Records for this task:
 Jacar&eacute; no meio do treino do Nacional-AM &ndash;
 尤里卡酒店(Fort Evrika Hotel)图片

--

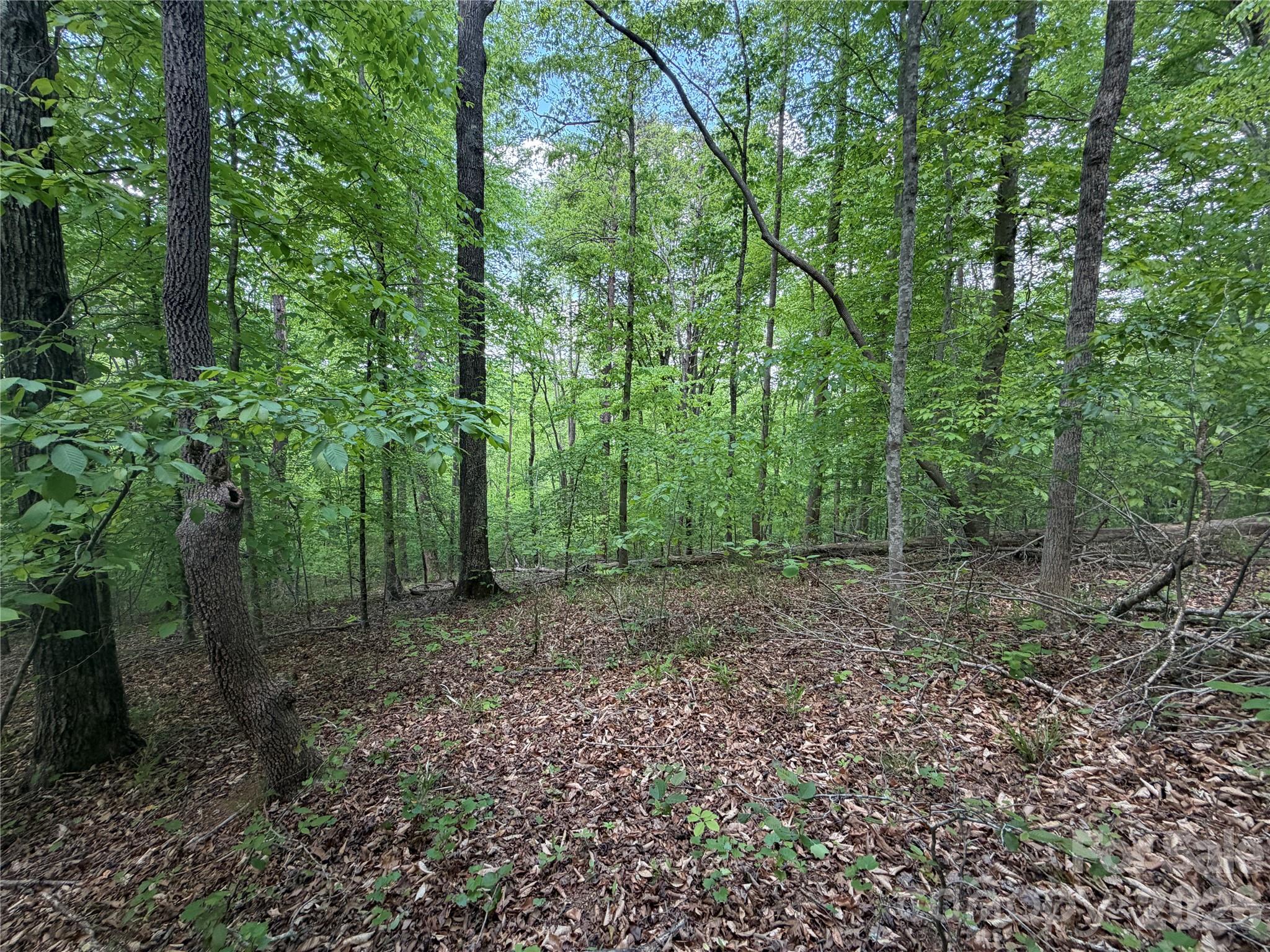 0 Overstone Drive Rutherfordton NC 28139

Problem:
Above are the lines; repeat exactly the ones from the line containing "Jacar&eacute; no meio" down to the line containing "尤里卡酒店(Fort Evrika Hotel)图片", both inclusive.

The answer:
 Jacar&eacute; no meio do treino do Nacional-AM &ndash;
 尤里卡酒店(Fort Evrika Hotel)图片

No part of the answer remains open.